To do:
Every line of the material must be restated exactly, though not its pictures.

Raw data:
----
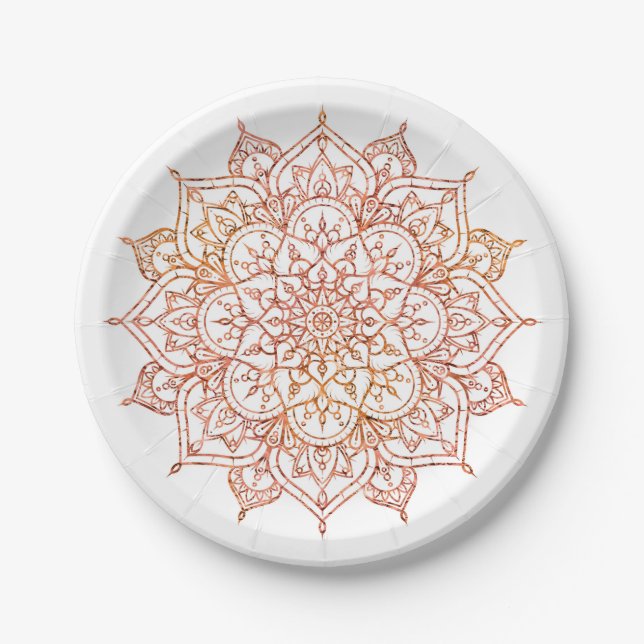 Plato De Papel Mandala rosa y Naranja en Glam Blanco (Anverso)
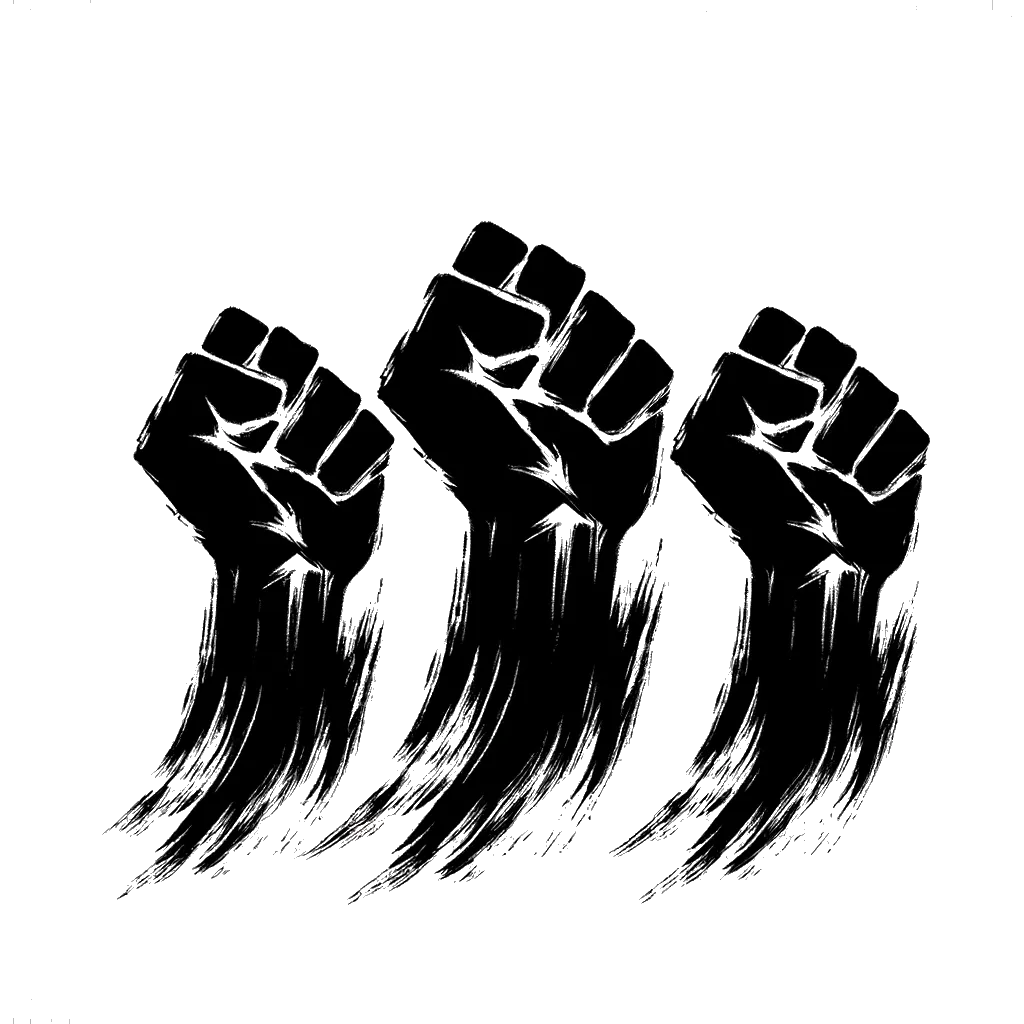 un dibujo de tres puños levantados representando el tema de Rebelión en blanco y negro.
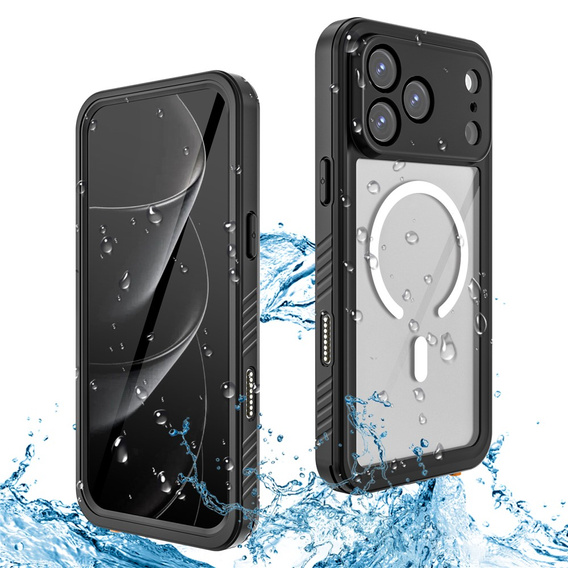 Etui Wodoodporne IP68 do iPhone 17 Pro Max, Redpepper, do MagSafe, przezroczyste z czarną ramką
----
Solution for this exercise:
 Plato De Papel Mandala rosa y Naranja en Glam Blanco (Anverso)
 un dibujo de tres puños levantados representando el tema de Rebelión en blanco y negro.
 Etui Wodoodporne IP68 do iPhone 17 Pro Max, Redpepper, do MagSafe, przezroczyste z czarną ramką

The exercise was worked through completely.